───── Provided records

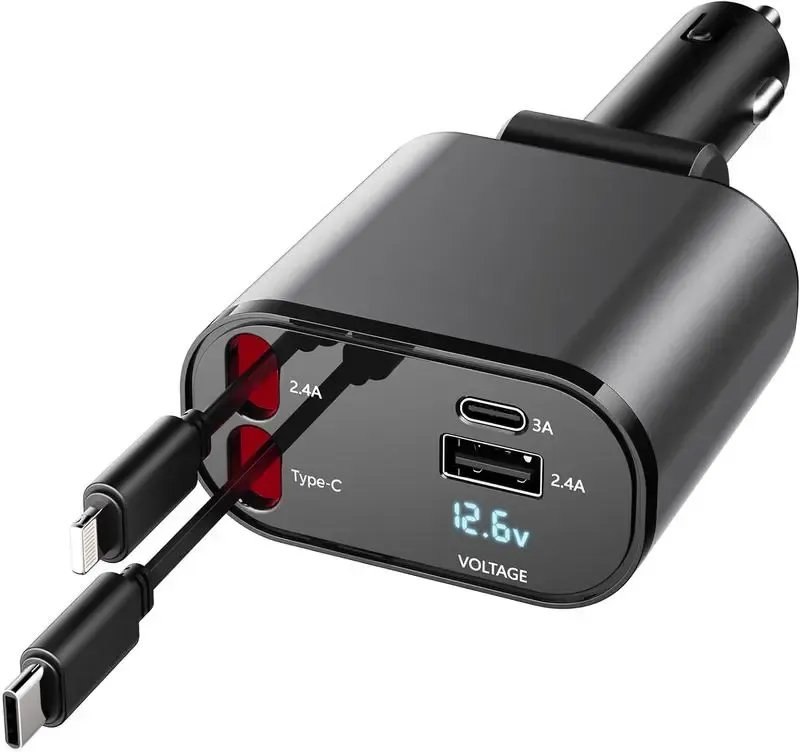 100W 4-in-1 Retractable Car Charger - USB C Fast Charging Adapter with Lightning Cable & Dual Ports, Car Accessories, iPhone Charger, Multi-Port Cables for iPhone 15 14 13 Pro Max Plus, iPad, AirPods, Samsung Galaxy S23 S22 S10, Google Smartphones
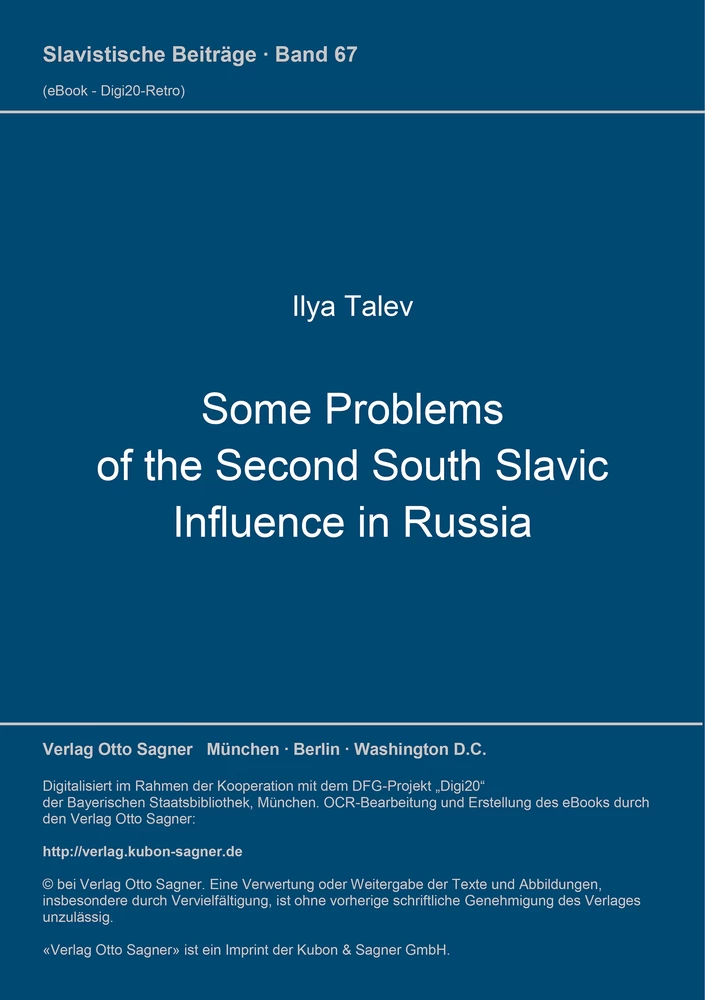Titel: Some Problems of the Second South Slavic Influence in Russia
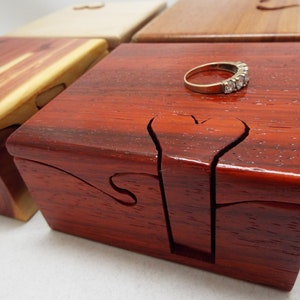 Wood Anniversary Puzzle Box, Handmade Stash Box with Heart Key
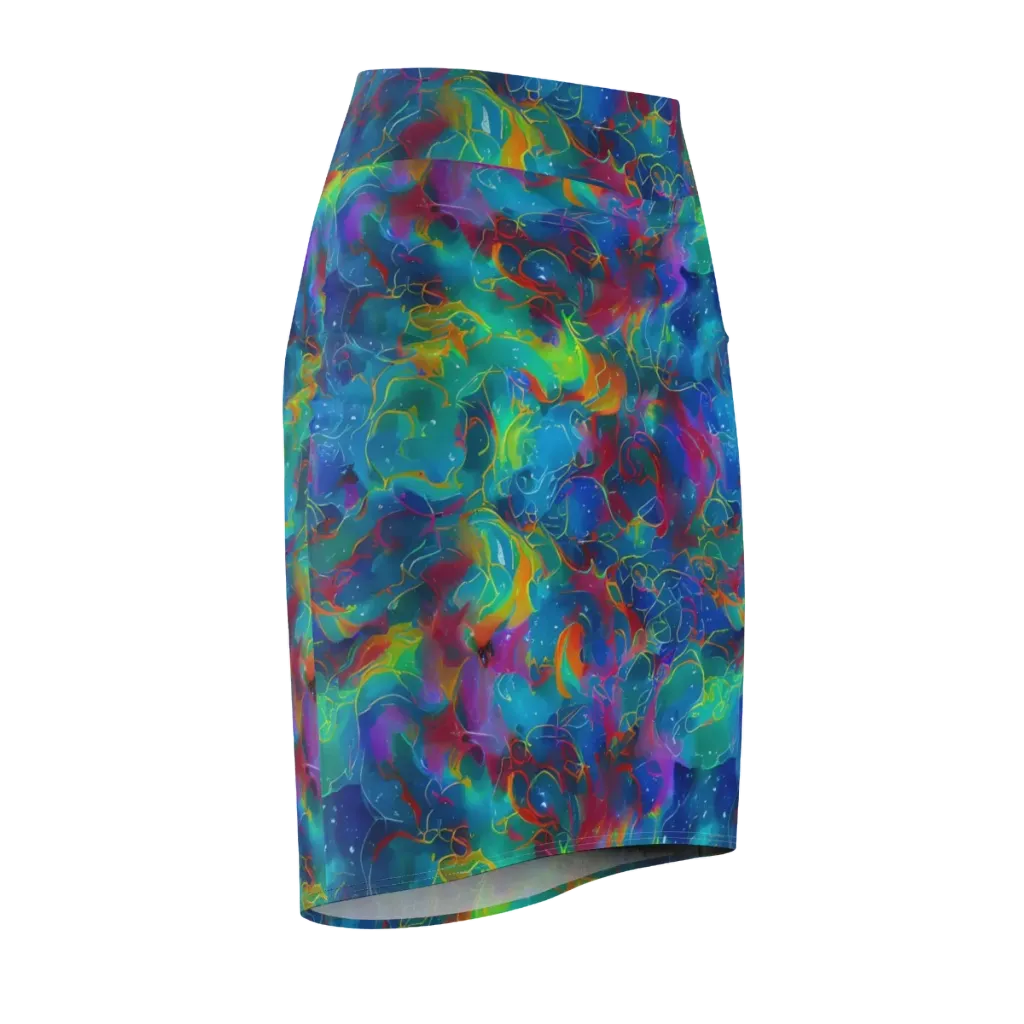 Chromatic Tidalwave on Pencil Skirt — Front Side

──────────
───── Provided records

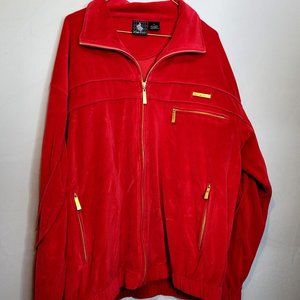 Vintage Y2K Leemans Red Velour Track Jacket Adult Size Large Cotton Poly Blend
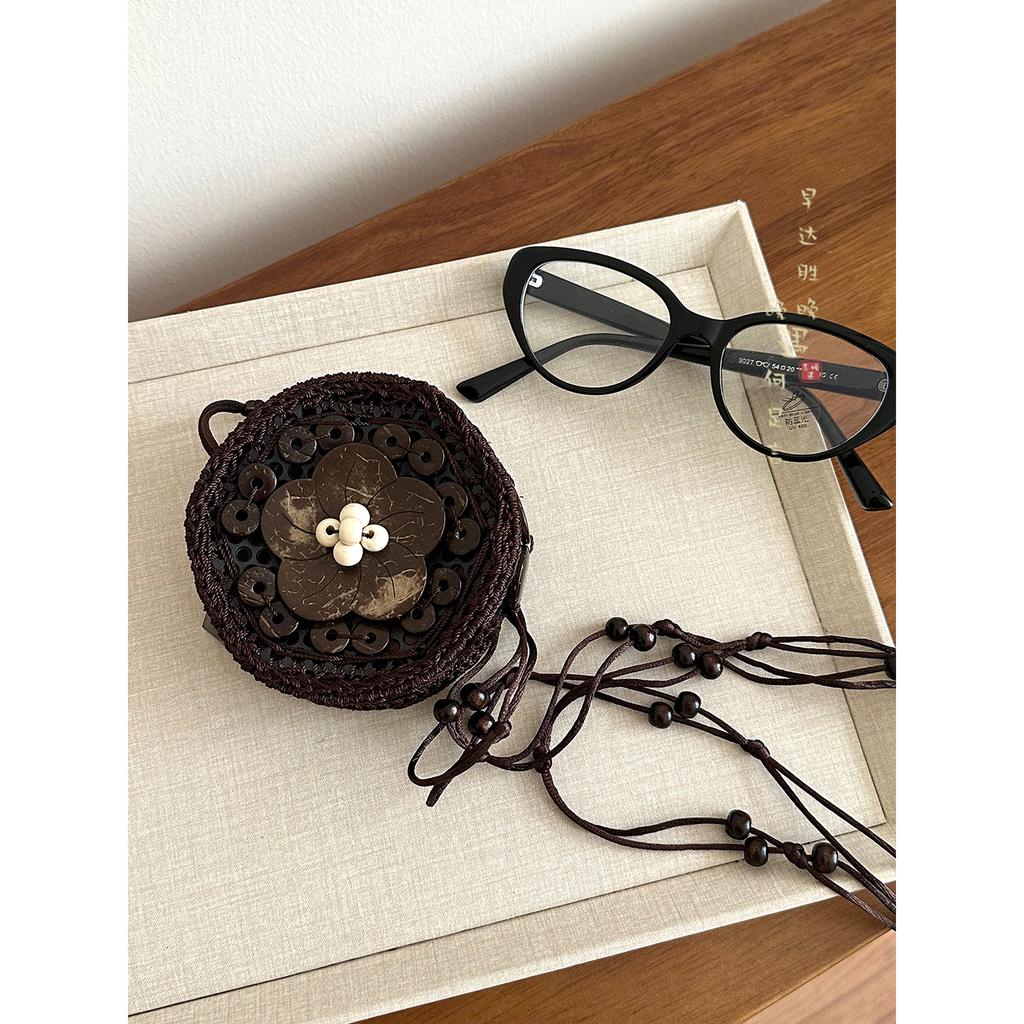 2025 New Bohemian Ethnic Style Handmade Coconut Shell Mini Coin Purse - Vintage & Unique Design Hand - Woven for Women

──────────

◆ **What is needed**
In the listing above, find the line containing "100W 4-in-1 Retractable" and the line containing "Chromatic Tidalwave on". Reproduce those lines and all between them exactly, with no pictures and nothing more.

◆ **Solution for this problem**
 100W 4-in-1 Retractable Car Charger - USB C Fast Charging Adapter with Lightning Cable & Dual Ports, Car Accessories, iPhone Charger, Multi-Port Cables for iPhone 15 14 13 Pro Max Plus, iPad, AirPods, Samsung Galaxy S23 S22 S10, Google Smartphones
Titel: Some Problems of the Second South Slavic Influence in Russia
 Wood Anniversary Puzzle Box, Handmade Stash Box with Heart Key
 Chromatic Tidalwave on Pencil Skirt — Front Side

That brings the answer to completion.